Taylor, que junto al guitarrista Buddy Guy tenía uno de los dos nombres más prestigiosos del blues de Chicago, hubiera merecido otra despedida.
Por: Elbio Rodríguez Barilari
Esta música, nacida en el siglo XIX en el delta del Mississippi, llevado a la ciudades, transferido al piano, a los vientos y luego a la guitarra eléctrica, es la madre de casi toda la música popular de este país.
Uno de sus mascarones de proa, la cantante Koko Taylor, acaba a de morir en esta ciudad de Chicago, a los 80 años. El parte medico dice que de complicaciones tras una operación gastrointestinal.
La estrella del blues, universalmente reconocida por grabaciones como Wang Dang Doodle o I am a woman, vivió en Chicago durante más de cincuenta anos.
Había nacido en 1928, en una granja cerca Memphis, Tennessee, y su verdadero nombre era Cora Walton. Su infancia fue de una extrema pobreza. Ella y sus tres hermanos dormían en catres, en un ranchito sin electricidad ni agua corriente.
A los once años quedo huérfana y sobrevivió recogiendo algodón en las plantaciones por un salario escuálido. A comienzos de los anos 50, se mudó a Chicago con su primer marido Pops Taylor. En esta ciudad se ganó la vida como empleada doméstica.
Su relación con la música se estableció a través de los tradicionales coros gospel de las iglesias evangélicas negras. Ya en Chicago, los fines de semana frecuentaba clubes de blues, un género que en ese entonces vivía su época de oro.
Acá estaba la sede de Chess Records y acá vivían y grababan referentes como Muddy Waters, Howlin` Wolf, Willie Dixon y toda otra pleyade blusera.
Justamente fue Willie Dixon quien le propuso, en 1965, que grabara su tema Wang Dang Doodle.
En la voz acerada y rugiente de Koko Taylor este tema se convirtió en un éxito inmediato, abriéndole las puertas a una carrera como pocas.

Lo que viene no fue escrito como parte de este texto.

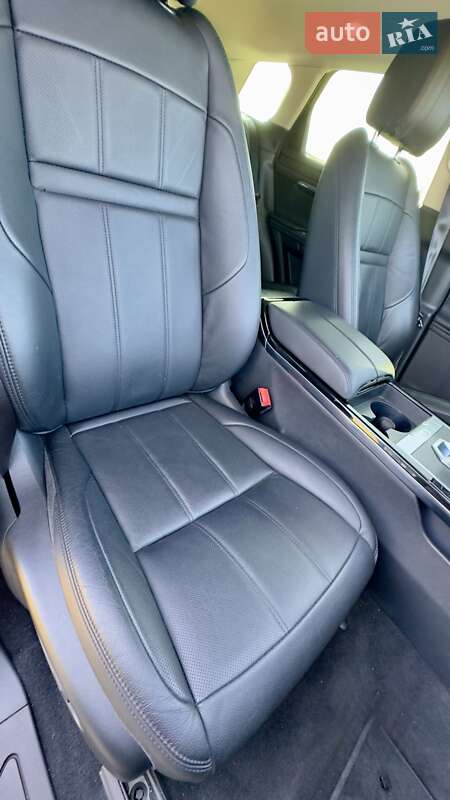 Внедорожник / Кроссовер Land Rover Range Rover Evoque 2020 в Харькове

Fue una de las primeras mujeres en ser líder de su propia banda de blues, marcando el camino a muchas otras, desde la formidable Big Time Sarah hasta la más contemporánea Shemekia Copeland.
Fue justamente a mediados de los Sesentas que el interés de músicos británicos, como los Rolling Stones, John Mayall, Cream, etc. descubrió para los Estados Unidos blancos, y para el resto del mundo, los tesoros de esta música afroamericana.
De golpe, bluseros como Muddy Waters, Howlin` Wolf, B.B. King, John Lee Hooker y tantos otros, comenzaron extensas giras incluyendo Europa y Japón, alcanzaron nuevos récords en las ventas de sus discos y también un mayor respeto en su propio país. Y con este movimiento creció también el prestigio de Koko Taylor.
Con la ventaja de que Koko Taylor ni bebía, ni consumía drogas, ni practicaba la bohemia típica del género. Lo cual le permitió una larguísima e intensa carrera.
Por el año 99 o 2000 se abrió en la zona del agite chicaguense de la avenida División un club de Koko Taylor. Ahí me tocó apreciar como le tiraba la bronca a un bajista que no estaba tocando bien del todo. Y con ese vozarrón, imaginate. ¡Que carácter! Pero como cantaba…
Lamentablemente, ahora es todo hip-hop. Los negros no van ni a los pocos clubes de blues que todavía quedan en sus barrios. Los blancos locales van muy poco. Así que el público son puros turistas.
En Chicago, un músico de blues gana 70 dólares por tocar de las 9 de la noche hasta las cuatro de la mañana. Y tiene trabajo dos o tres días por semana, como mucho.
Glorias como Magic Slim o John Primer me han comentado que tocan acá para mantener la banda en rodaje, pero que sus verdaderas fuentes de trabajo están en Europa y Japón, donde además los respetan como artistas.
Ahora, el fallecimiento de Koko Taylor es como otro adiós a lo que nos quedaba de esos años dorados del blues. Y en esta despedida no puedo menos que mandarle un abrazo mental a los bluseros de siempre, Daniel Bertolone, el Flaco Barral, Jorge Graf, Andrea Curbelo, Jorge Nasser, Erika Herrera, Juan Faccini, Roy Berocay, Gato Eduardo, y los integrantes de nuestra vieja y querida Planeta Blues, Gonzalo Gutiérrez, el Wacky Méndez, Gonzalo Gravina, Tato Moraes, Martín Muguerza, Leo Anselmi, Alfredo Monetti. Y al Flaco Pérez, claro.